For Renee Radell, still life ranked high in her hierarchy of genres and she never abandoned it for extended periods during her career. She managed to incorporate it into some of her strongest social commentary paintings as a secondary subject matter. As an illustration, Relevantly Irrelevant was an anti-war statement about the Vietnam War and still life provided a setting in which to couch the artist’s visceral protest art.
Similarly, an excerpt from Renee Radell Web of Circumstance by Eleanor Heartney elucidates the artist’s painterly version of protest art with sociopolitical themes framed in still life settings
“Collage reappears in Relevantly Irrelevant (1972), which serves as a kind of memento mori for the Vietnam War. Here, a placid and lushly painted still life is interrupted by a photograph of a prisoner being transported through a North Vietnamese village in an ox cart. The work serves as a reminder of the strange schizophrenia that engulfs the populace when a war is conducted far away. It also puts the magnitude of war’s tragedy within the context of seemingly relevant everyday pleasures. There are echoes of this work in the much later Floral Tribute – 9-11 (2001), which was painted in the aftermath of the attacks on the World Trade Center. Here again, a vase of flowers on a studio table presents the deceptively peaceful setting for framed sculptural images that provide a more tangible dimension than a painted surface alone can offer to honor those who died when the towers fell.”
Still life regularly appears in Renee Radell’s allegorical work, nearly always venturing into surrealsim. This is not surprising for those who know that in the imagination of the artist, studio props have personalities and are capable of animation.
The Puppet House, for example, is an early “morality play” in which studio props come to life while “Reason [is] Held Hostage“. In nearly all paintings of this extensive series, inanimate forms participate, such as King and Queen with Court.
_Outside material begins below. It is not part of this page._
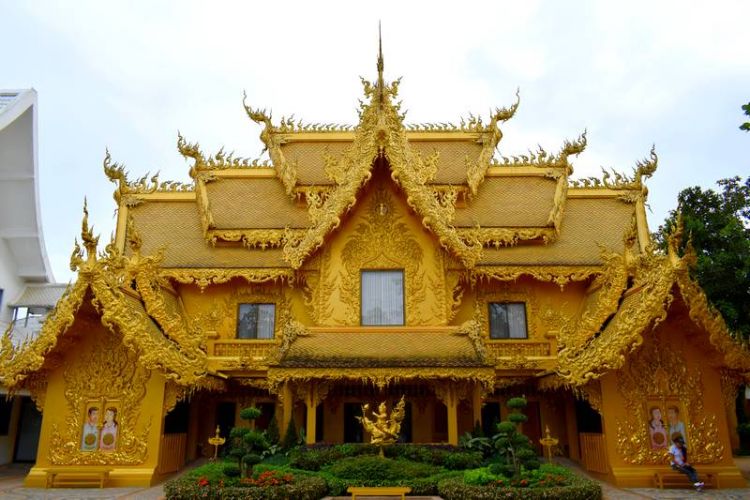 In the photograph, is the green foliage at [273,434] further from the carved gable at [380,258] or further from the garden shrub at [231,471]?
the carved gable at [380,258]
Decades later, in Trial of Innocence a favorite doll reappears, symbolizing the vulnerability of youth, unprotected by law in a society suffocating in violence.
Decades later, the artist continues to include her studio comrades in picture after picture, enticing the viewer to participate in an imaginary world where life’s challenges are recast and somehow manageable. Recent delightful works such as Studio Still life with Pinocchio show her continual generation of powerful social commentary statements in inimitable artistic language while offering compendiums of some of her favorite studio objects – the wooden bird, the doll’s head, the puppets and the horse statuette that appear in other works.
In sum, still life for Renee Radell is a constant challenge, as portrayed in Confrontation on 28th Street. It provides a renewable platform for experimentation with new materials, new aesthetic challenges, and at times on which to convey profound philosophical ideas.